From my perspective, I was enjoying learning how to infer for OWL in Kowari. Since my Masters relies upon this I'll be continuing to work on Kowari in my own time. I'll just have to be disciplined as I won't get the opportunity to work on Kowari in my work time.

Working Notes
So what am I doing now?

Well my blog won't be describing my work in the same detail, as I don't think that this is appropriate in many companies. It will keep up with OWL and Kowari, but I won't have the same incentive to write that I used to.

I've stayed in Brisbane to look for work while Anne goes to the memorial in my stead. I have to update my resume today... if I can even find an old copy.

Other than that, I'm trying to keep expenses down (I could only afford a small donation to the Red Cross for the tsunami work), helping a friend renovate and move house, and running around looking for work. I've been feeling a little down, which has led me to not do any triathlon training this week, but I suppose I should start on that again too.
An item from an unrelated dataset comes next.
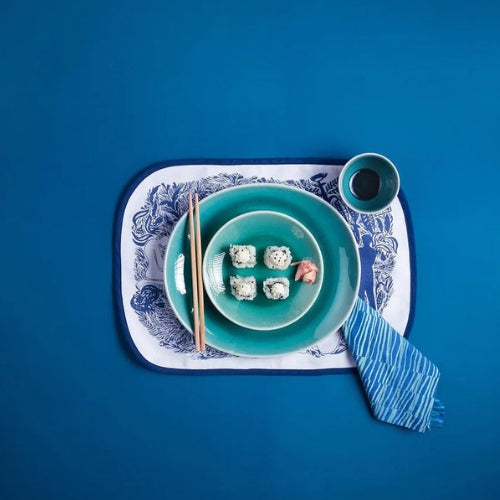 Midori Ceramic Side Plate 7x7x0.5 Inches (Set of 2)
I'll have to skip swimming I think, as I can't really afford to be paying pool entry for the moment. I've also avoided using the computer, since I was on a "break", but I'll eventually have to get back to Kowari development too.
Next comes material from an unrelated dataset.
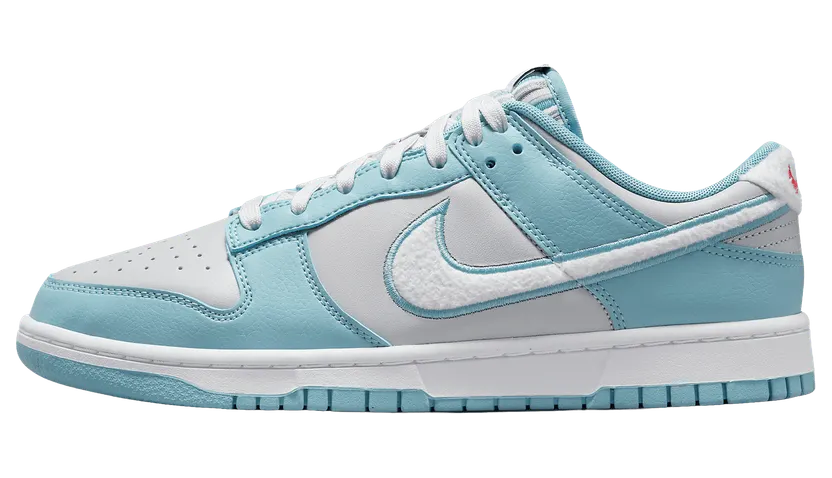 Nike Dunk Low Retro “Fleece Swoosh Worn Blue” (FB1871-011)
If anyone has any ideas, then let me know! :-)


Anonymous said...

I'd like to chat (email?) with you about some possible consulting regarding Kowari (TKS?).

Please drop me an email at


Anonymous said...

You probably don't want to go there, but according to US law, a company that closes its doors still has an outstanding debt to pay off the vacation time of its employees. And in fact, this debt is quite a high-ranking one, stading in front of many others (including the preferred stock held by those investors).

When a company decides that it will cease operations, the board is supposed to calculate what it needs to pay to pay off all outstanding salaries (that last paycheck you got) as well as any outstanding debts to employees (like vacation time and sick leave). If it fails to do this, the members of the board can be held personally liable for these debts.

I don't know if the Tucana you were employed with was a US firm, or an Australian one. And even if you do have this recourse, those board members are probably your friends, and you don't really want to see them declare personal bankruptcy if they can't pay you. Then again, maybe they aren't . . .

Quoll said...

Thanks, but it's kind of tricky. Yes, it's a US company, but I was paid by an Australian subsiduary, and it makes the liability waters very murky.

As for not pursuing it because I'm friends with the owners... that's not the case. I'm friends with the OLD owners. However, they had to sell out their ownership in order to keep the company running. In fact, I think that final repayments of debts to this couple will not happen because of the shutdown, so they are in a pickle as well.

In a nutshell... liability is all on the VC who shut us down. I have never met her, and would gladly do what I could to get enough money to live from her (just to pay for food and mortgage until I find a new job!), but that won't happen, so I'm just searching for work as best I can.

In the meantime, after a flagship airline company went out of business in Australia the federal government put a levy in place to fund future entitlements of employees of companies that become insolvent. I don't know how this will work out for me, but I'm now entitled to make a claim from this service. Fingers crossed that I get something back.